Rupanya hal inilah yang makin menambah kontroversi wawancara tersebut.
Banyak yang meragukan gelar “profesor” dan “dokter” yang dimiliki Hadi itu.
Apalagi setelah dilacak di direktori Google Scholar dan Scopus, tak satupun ditemukan jejak jurnal ilmiah karya Hadi.
Wakil Ketua Umum PB IDI, dr. Slamet Budiarto, juga mengaku telah mengecek nama Hadi dalam daftar database anggota IDI.
Hasilnya, ia tak menemukan nama yang bersangkutan. Karena itu Slamet menuding Hadi telah melakukan kebohongan publik.
Ia lantas meminta pihak kepolisian turun tangan.
"Dicari nggak ada. Penegak hukum harus turun tangan. (Pernyataannya) membahayakan masyarakat,” ujarnya.
Terkait hal itu, Hadi menanggapinya dengan santai. Kepada Tribunnews.com, ia mengaku dirinya memang bukan dokter. Sehingga jika namanya dicari di database IDI, memang tidak akan ditemukan.
"Untuk masalah IDI saya memang bukan dokter. Di databasenya IDI pasti tidak ada. Karena saya bukan dokter, tidak ada keterikatan saya dengan IDI. Saya adalah tim riset yang melakukan penelitian untuk emergency kemanusiaan COVID-19 ini,” kata Hadi, Senin (3/8/2020).
Adapun mengenai gelar profesornya yang yang juga diragukan dan banyak dipertanyakan oleh masyarakat dan ilmuwan, Hadi menegaskan dia tidak pernah melabeli dirinya sebagai seorang profesor.

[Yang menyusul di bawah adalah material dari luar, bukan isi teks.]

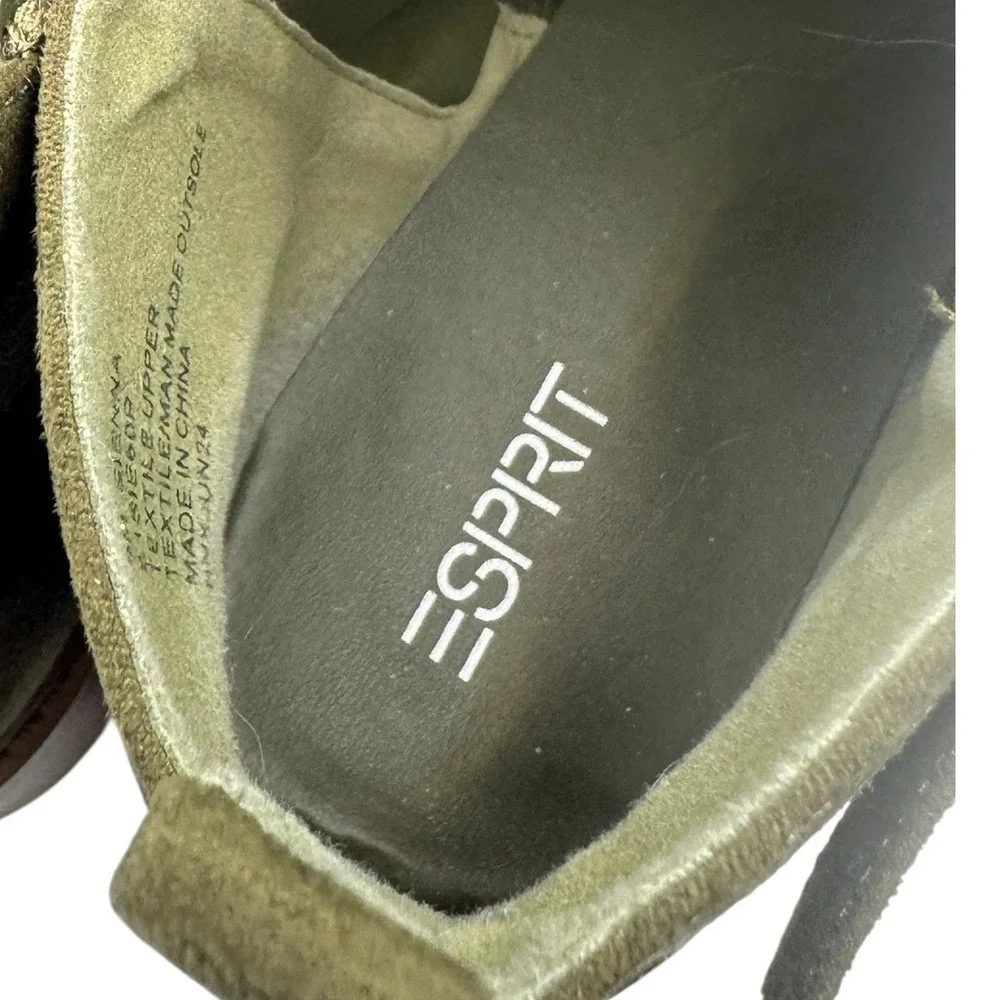 Esprit Sienna Olive Green Faux Suede Ankle Boots‎ 9M Side Zip Buckle womens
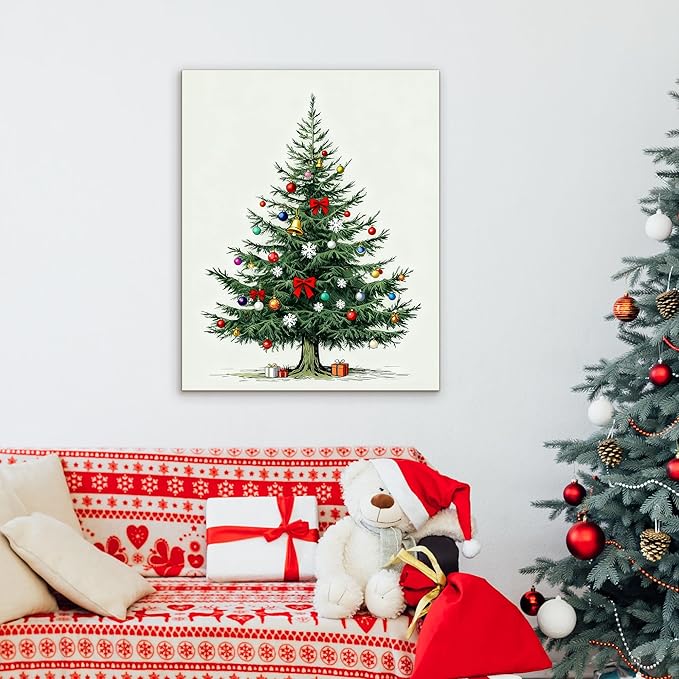 Framed Christmas Pictures Wall Decor,Vintage Pine Tree Prints,Winter Christmas Canvas Wall Art Decoration for Bedroom Bathroom Living Room Rustic Xmas Holiday Gifts (Christmas Tree 8, 24'' X 36'')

Ia mengatakan, dirinya hanya seorang tim riset yang meneliti obat herbal antibodi.
"Sampai saat ini saya belum mendeklarasikan saya siapa dan dari mana. Tapi saya di sini mendeklarasikan tim riset penanganan untuk emergency kemanusiaan COVID-19," kata Hadi.
Saat ditanya mengenai riwayat pendidikannya, Hadi tidak mau menjelaskannya karena takut menimbulkan polemik.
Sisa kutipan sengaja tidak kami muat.